Nos acercamos a los médanos, y con ellos llegaron nuevas emociones, y el desafío de mantenernos a bordo de los camellos, que se sacudían para todos lados, tratando de subir y bajar estas montañas de arena. Finalmente, cuando la noche comenzaba a caer, arribamos al “campamento base”, donde cenaríamos y pasaríamos la noche; pero hasta esto sucediera, había que disfrutar y, cada quien, debía encontrar su manera.

El grupo se movió en conjunto hasta la cima de una “colina”, desde donde había una vista fabulosa del desierto y del sol que de apoco se ocultaba. Yo, en cambio, sentí la necesidad de alejarme un poco; no mucho, pero sí lo suficiente como para mantenerme ajeno a todo sonido que no fuese el del desierto. Era mi momento. Una soledad inconmensurable me invadía, pero sin melancolía ni tristeza; me sentía cobijado, protegido. Y esta ausencia de compañía era también una ausencia de situaciones y, sin ellas, no había riesgos, peligros ni amarguras. En algún lugar lejano había dos mundos: uno lleno de sufrimientos, y otro lleno de alegrías. Pero esto me era ajeno, porque estaba lejos y sólo, ensimismado. Así estuve durante un buen rato, mientras el sol se fundía con el desierto, y su estela dorada daba paso a una noche de luna llena y abundancia de estrellas. Ya en torno al fogón, cenamos casi en silencio; creo yo que sensibilizados. De apoco, el fuego se fue extinguiendo, al igual que nuestras energías. Acomodado entre mi bolsa de dormir y algunas mantas con olor a camello, me negaba a dormirme, con la intención de contemplar las constelaciones que sobre mi cabeza se desplazaban; más el cansancio me pudo, bridándome un sueño placentero.
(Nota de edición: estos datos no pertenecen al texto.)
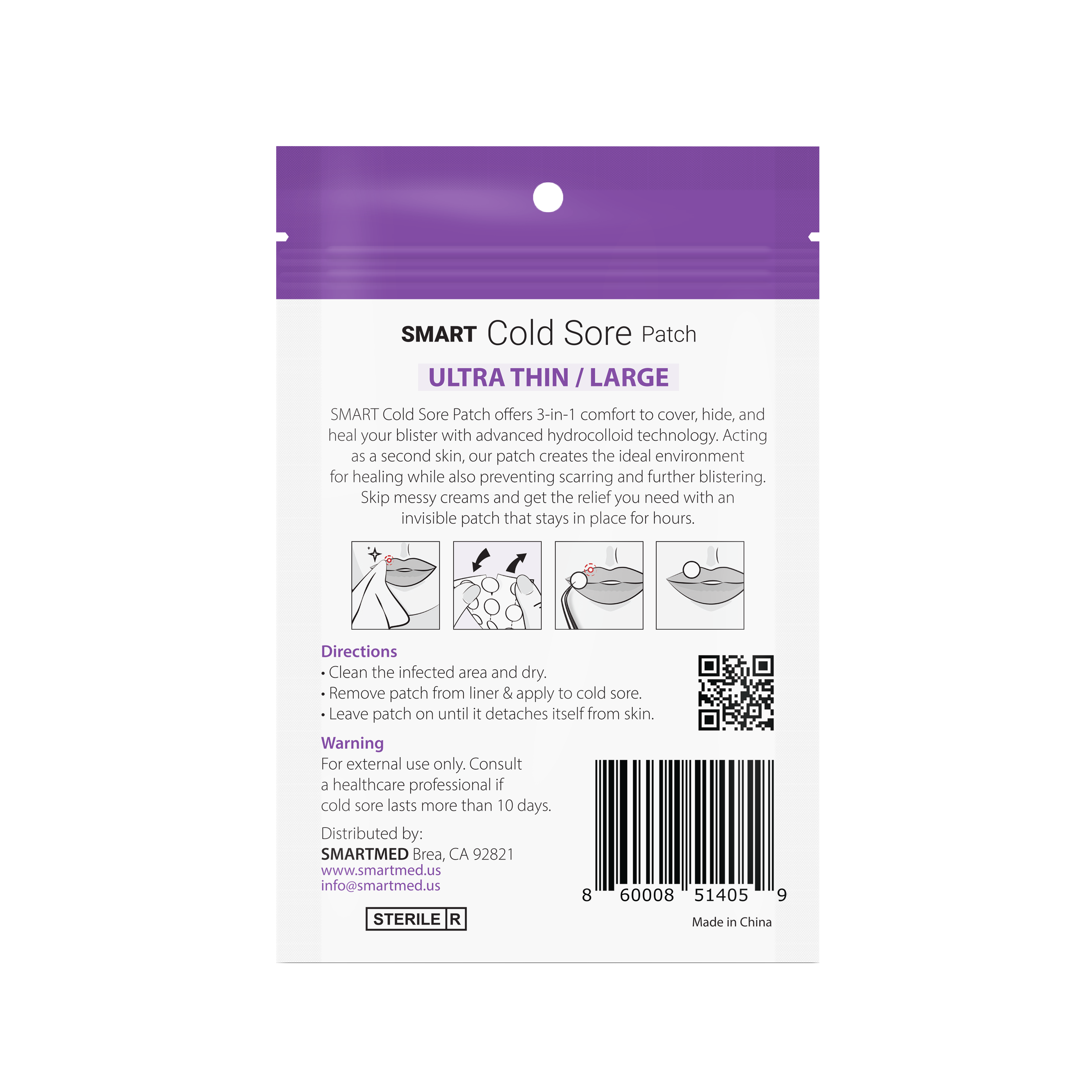 SMARTMED - Wholesale Bandaids/Bandages - Smart Cold Sore Large Treatment Patch with Lemon Balm Clear1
Amanecí justo cuando amaneció, y eso fue lo sublime. El silencio lo invadía todo, ya que hasta los camellos descansaban aún y, aunque sin dejar ver su forma, las primeras luces del sol bañaban el lugar de un hermoso color plata y la luna, que había tenido una actuación aquella noche, se negaba a ocultarse. Al abrigo de mi bolsa de dormir permanecí, contemplativo, hasta que el campamento fue cobrando movimiento.

Luego de un desayuno abundante prosiguió nuestro día de andanzas. Y éste mejor que el anterior, ya que una renovada vitalidad me invadía, y un estado de sabia insania me llevó a entenderme con Mumal, siguiendo sus movimientos con total naturalidad y pudiendo disfrutar plenamente de la experiencia, sin riesgos de caerme. Incluso llegué a jugar con él, tirando reiteradamente de las riendas, marcando el paso y el camino a seguir, y convirtiéndonos en un gran equipo.
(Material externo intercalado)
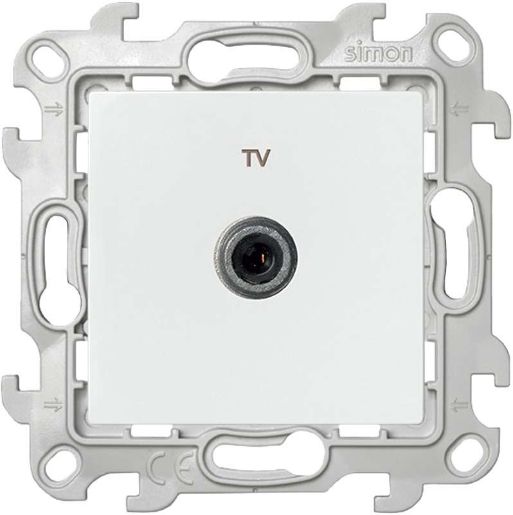 Изображение Розетка телевизионная оконечная TV СП Simon 24 IP20 механизм бел. Simon 2450476-030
Arribamos a la ciudad a media tarde, cansados, pero alegres, y ése fue (a pesar de todo) uno de los momentos más tristes del viaje, ya que fue cuando tomé la decisión de separarme del resto del grupo. Sentí la necesidad de permanecer en Jaisalmer por un poco más de tiempo. Aunque con pesar, los chicos me comprendieron, y no sin mucha pena, al día siguiente ellos prosiguieron viaje.

Jamás he sido muy afecto a permanecer un largo período de tiempo en un mismo sitio, aburriéndome rápidamente y tratando de estar en movimiento. Pero, paradójicamente,  he pasado exactamente una semana en Jaisalmer. A tal punto me ha cautivado esta ciudad, que decidí separarme de Fabrize, Laura y Sam. Algo me ocurrió, aunque todavía no logro descifrar los jeroglíficos que encierran tanto misterio. Lo único seguro es que no tengo ganas de irme de Jaisalmer. La sola idea de abandonar este sublime rincón del Rajasthán me llena de melancolía. No sé cuál es el motivo. Quizás el tiempo me lo explique, o tal vez nunca obtenga una respuesta. Lo único cierto, es que no me quiero ir.